“You have returned!” She looked him over more attentively now, and observed the brave suit of dark blue camlet that so well became his tall, spare frame, and the fine Spanish boots that were now overlaid with dust. “You have returned!” she said again.
“Nan,” he said, “a miracle has happened.” And from his breast he pulled that parchment with its great seal. “A month ago I was a beggar. To-day I am Colonel Holles in something more than name, commanding something more than a mere regiment. I have come back, Nan, because at last I can offer you something in exchange for all that you will sacrifice in taking me.”
She sank down slowly, weakly, to the seat, he standing over her, until they were in the same attitude of a month ago. But how different now was all else! She leaned her elbows on her knees a moment, pressing her hands to her throbbing temples.
“It is real, this? It ... it is true? True?” she asked aloud, though clearly not of him. And then she sat back again, and looked up into his face.
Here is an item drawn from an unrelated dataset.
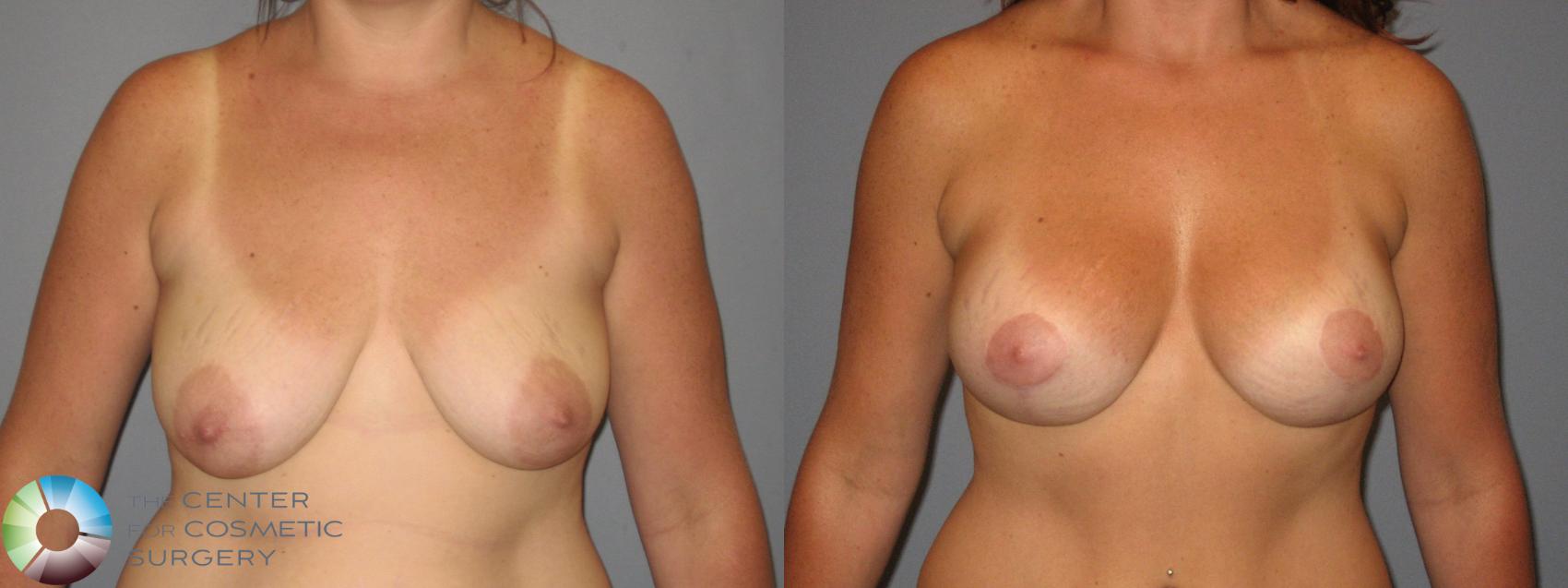 Before & After Mommy Makeover Case 425 View #4 in Denver and Colorado Springs, CO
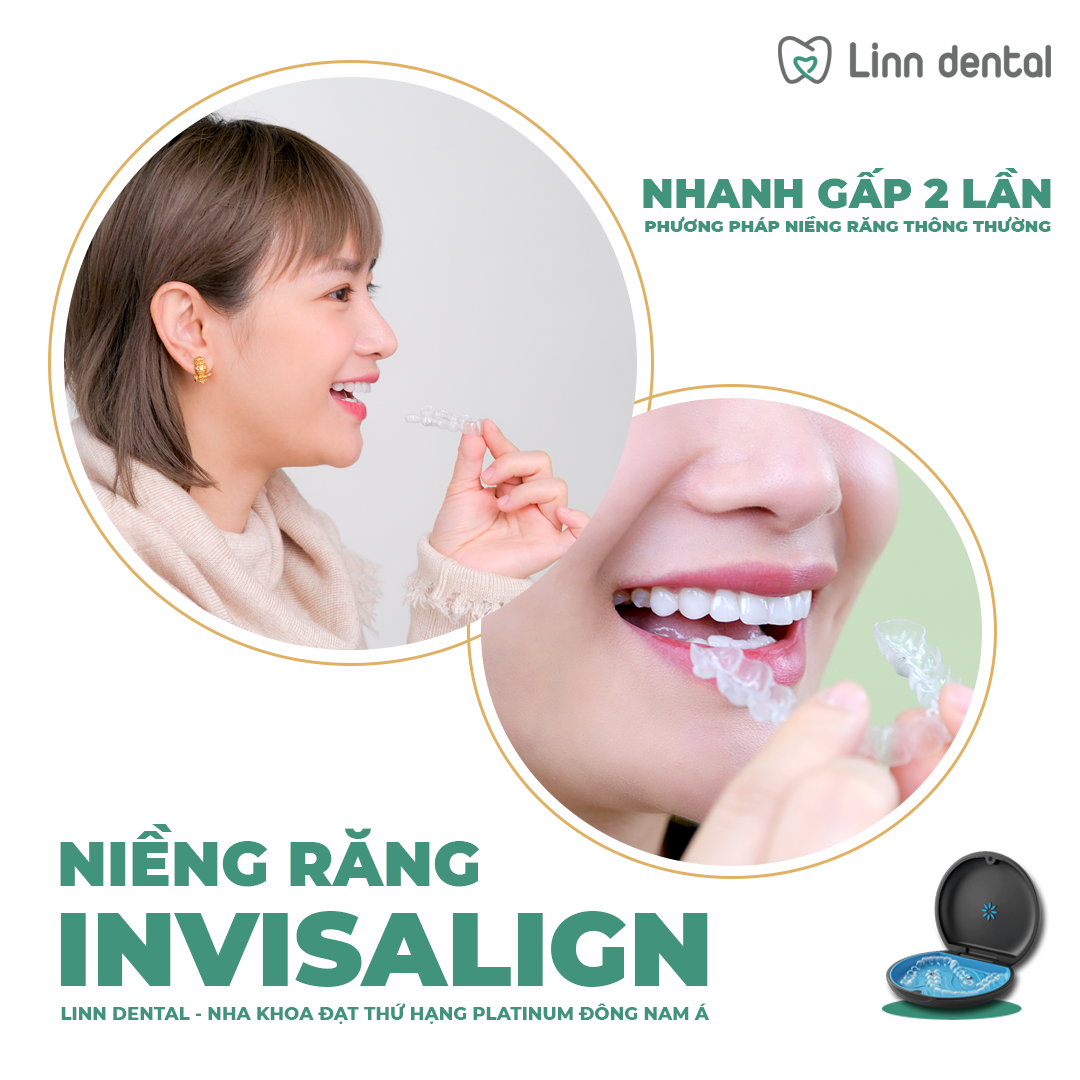 Niềng răng invisalign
“It is not very much, perhaps, when all is said, though it seems much to me to-day, and with you beside me I shall know how to make it more. Still, such as it is, I offer it.” And he tossed the parchment down into her lap.
She looked at the white cylinder without touching it, and then at him again, and a little smile crept about the corners of her sweet mouth, and trembled there. Into her mind there leapt the memory of the big boast of conquest for her sake with which he had set out in the long ago.
“Is this the world you promised me, Randal?” she asked him. And his heart bounded at the old rallying note, which laid his last doubt to rest.
“As much of it as I can contrive to get,” said he.
“Then it will be enough for me,” she answered. And there was no raillery in her voice now, only an infinite tenderness. She rose, and, standing there close before him, held out the parchment still unfolded.
“But you haven’t looked,” he protested.